Hybrid CI/CD approaches in Jenkins - Time & Space Complexity
We want to understand how the time to run a hybrid CI/CD pipeline changes as we add more projects or steps.
How does the pipeline's work grow when combining continuous integration and delivery tasks?
Analyze the time complexity of the following Jenkins pipeline snippet.
pipeline {
agent any
stages {
stage('Build') {
steps {
script {
for (int i = 0; i < projects.size(); i++) {
build job: projects[i], wait: true
}
}
}
}
stage('Deploy') {
steps {
parallel projects.collectEntries { [(it): { deploy(it) }] }
}
}
}
}
This pipeline builds multiple projects one after another, then deploys them all at the same time in parallel.
Look at the loops and parallel tasks that repeat work.
- Primary operation: Loop over projects to build sequentially, then parallel deploy.
- How many times: Once per project for build, once per project for deploy.
As the number of projects grows, the build time adds up, but deploy happens all at once.
| Input Size (n) | Approx.
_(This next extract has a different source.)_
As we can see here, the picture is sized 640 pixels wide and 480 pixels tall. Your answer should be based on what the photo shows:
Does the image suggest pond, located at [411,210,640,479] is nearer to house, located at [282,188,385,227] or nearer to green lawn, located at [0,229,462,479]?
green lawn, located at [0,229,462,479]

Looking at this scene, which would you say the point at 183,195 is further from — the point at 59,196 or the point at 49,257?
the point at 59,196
Operations |
|---|---|
| 10 | 10 builds + 1 parallel deploy |
| 100 | 100 builds + 1 parallel deploy |
| 1000 | 1000 builds + 1 parallel deploy |
Pattern observation: Build time grows linearly with projects; deploy time stays roughly constant due to parallelism.
Time Complexity: O(n)
This means the total time grows directly with the number of projects because builds run one after another.
[X] Wrong: "Because deploy is parallel, the whole pipeline runs in constant time regardless of projects."
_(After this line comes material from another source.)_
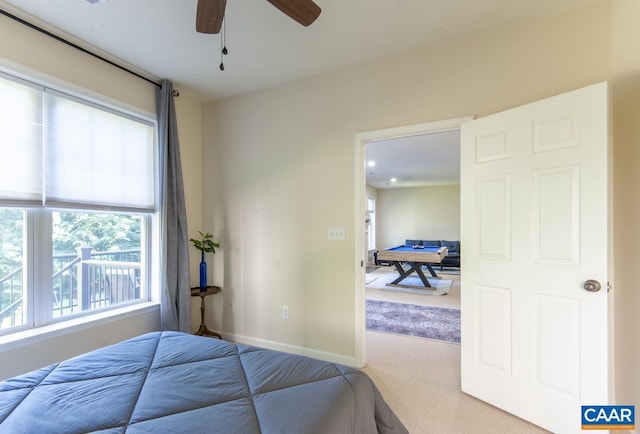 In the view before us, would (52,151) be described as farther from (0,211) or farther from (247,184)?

[OK] Correct: The build stage is sequential and takes longer as projects increase, so total time still grows with project count.
Understanding how sequential and parallel steps affect pipeline time helps you design efficient CI/CD workflows and explain your choices clearly.
What if we changed the build stage to run builds in parallel too? How would the time complexity change?